Creating a film or television program entails a variety of skills including budgeting, screenwriting, directing, acting, and numerous technical proficiencies. Here’s a sampling of the insights shared by the author.
“Film is a director’s medium; television is a writer’s medium. A movie is a one-of-a-kind undertaking: The production team and actors come together for several weeks or months to create a unique world that disappears upon the completion of filming. A strong director is essential in defining this world—form its artistic details to its broad nuances, script approval to casting, set design to special effects, and lighting and equipment to the overall visual style. A successful television series, by comparison, is long running, and production becomes rather standardized during its first season. The greatest challenge becomes the generation of new material each week, giving the gifted writer a proportionately greater opportunity to shine.”
“Start late. A movie should start as late as possible and occur over the shortest reasonable span of time. A film that uses too much time setting up the ordinary world of the characters or that spreads over three weeks a story that can be told in three days will feel slack. In individual scenes, don’t waste valuable time on unnecessary entrances and hellos. See if a scene can be started in the middle. A screenwriter or director who is willing to self-edit will often find that a scene is strengthened by cutting the first two, and often last two, lines of dialogue.”
“1 screenplay page = 1 minute of screen time.

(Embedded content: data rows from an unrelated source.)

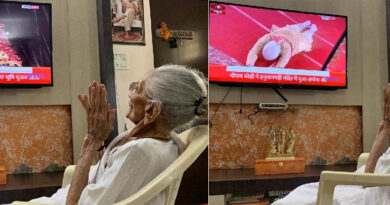 पीएम मोदी ने रखीं अयोध्या में राम मंदिर की पहली ईंट, मां ने टीवी पर देखा कार्यक्रम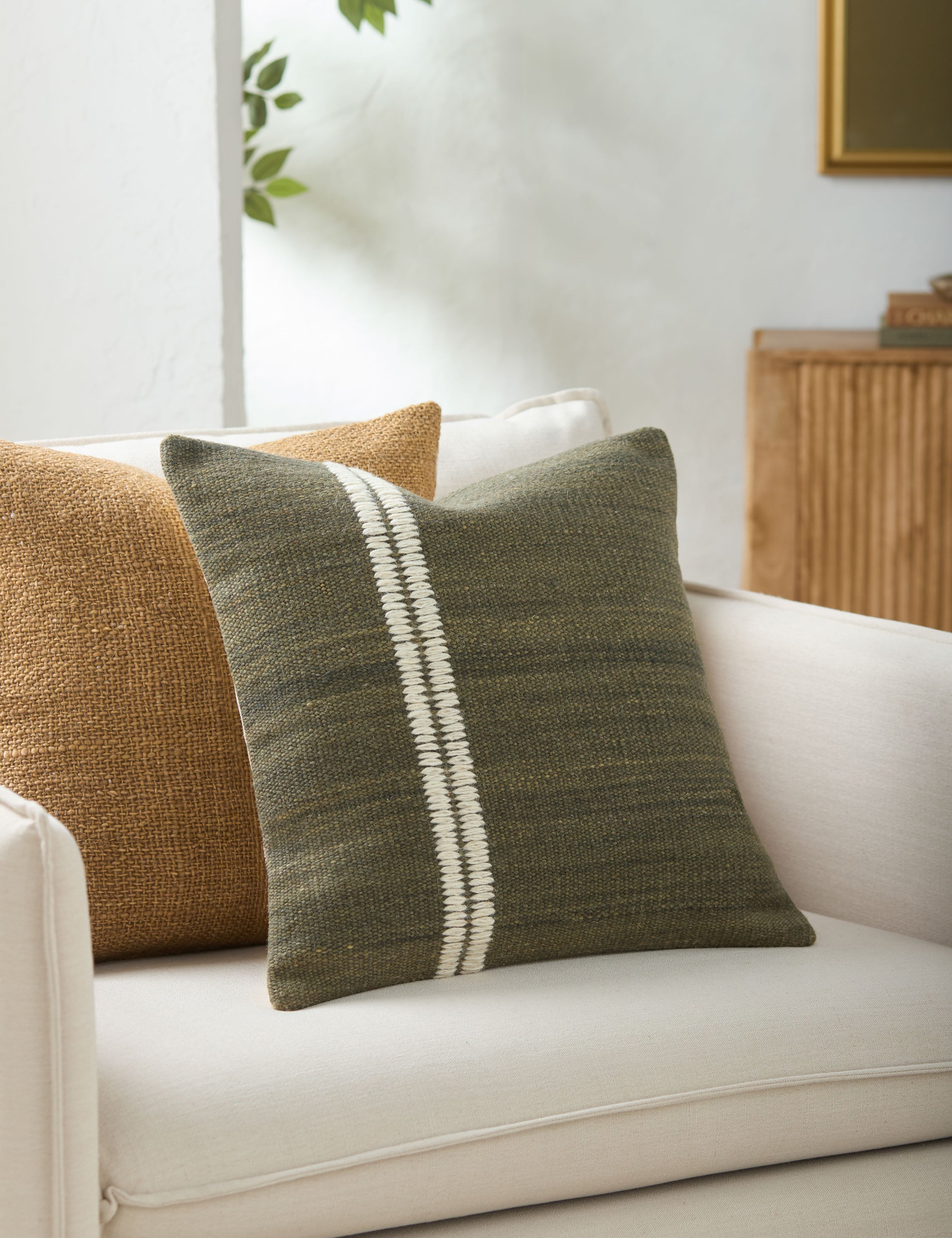 Lulu and Georgia - Berriz Pillow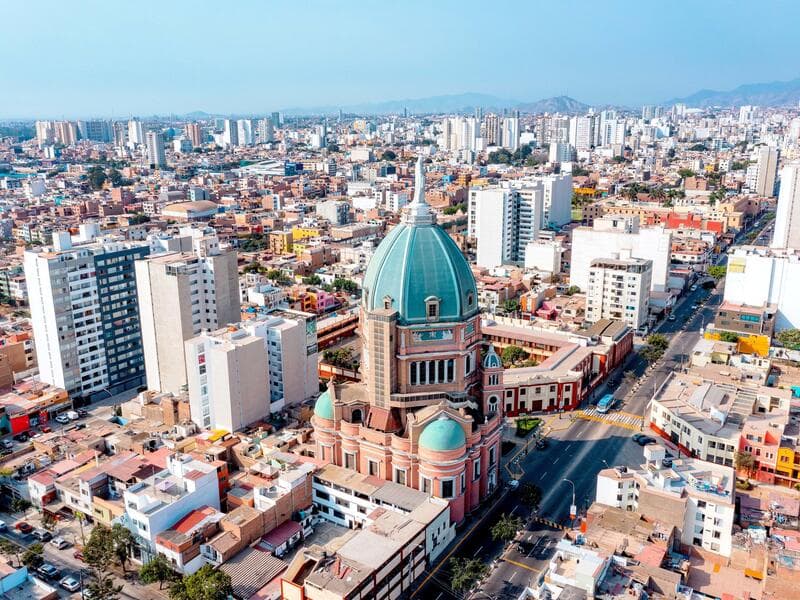 Oosterdam#°#Savoy Hotel Buenos Aires, Buenos Aires#°#Novotel Providencia, Santiago de Chile#°#Hotel Windsor Plaza Copacabana, Rio de Janeiro#°#Hotel Viale Cataratas, Foz do Iguacu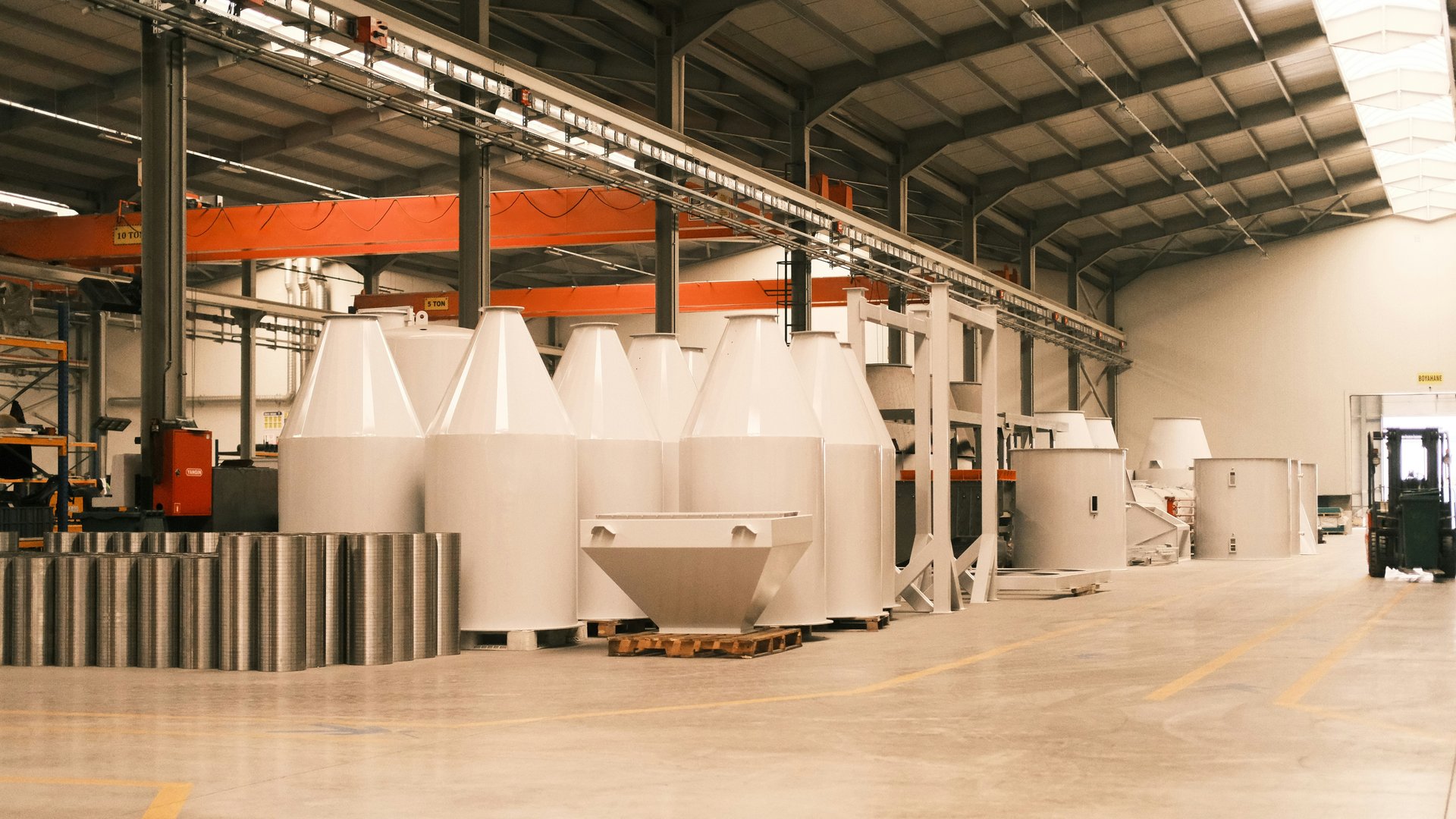 FROM FLAT SHEET TO FINISHED PART — Real manufacturing photography · reference process environment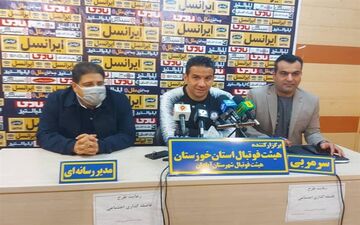مربی گل گهر: از نتیجه راضی نیستیم/  باید شرایطمان را بهتر کنیم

A screenplay is typically 90 to 120 pages long, which equates with an average movie time of 90 minutes to two hours. Comedy, horror, animated, and family films tend to be on the shorter end of this range because of the audience’s more limited attention span and the difficulty of sustaining thrills, chills, and belly laughs for two full hours. Character-based dramas tend to be the longest films, because the revelation of back-story, exploration of inner psychology, and nuances of character development require subtle, protracted exposition.”
“A high concept movie can be explained in one sentence. Selling a movie of TV idea is difficult, but it’s far easier when you can articulate its premise in a one sentence logline, for example: A billionaire weapons inventor dons an indestructible, high-tech suit of armor to fight terrorism. (Ironman)”
“Plot is physical events; story is emotional events. Plot is what happens in a movie; story is how the characters feel about what happens.”
“Dialogue is not real speech. Dialogue must sound authentic, but it needs to be much more colorful, compact, and on-point than natural speech… Effective movie dialogue propels the plot forward, informs on character, and is structured with a beginning, middle and end—even when the dialogue begins in the middle of a scene.”
“Shoot non-chronologically. Use a carefully planned production board with ‘block’ shooting so that all scenes using a given lighting, camera, and sound set-up are filmed before moving on.”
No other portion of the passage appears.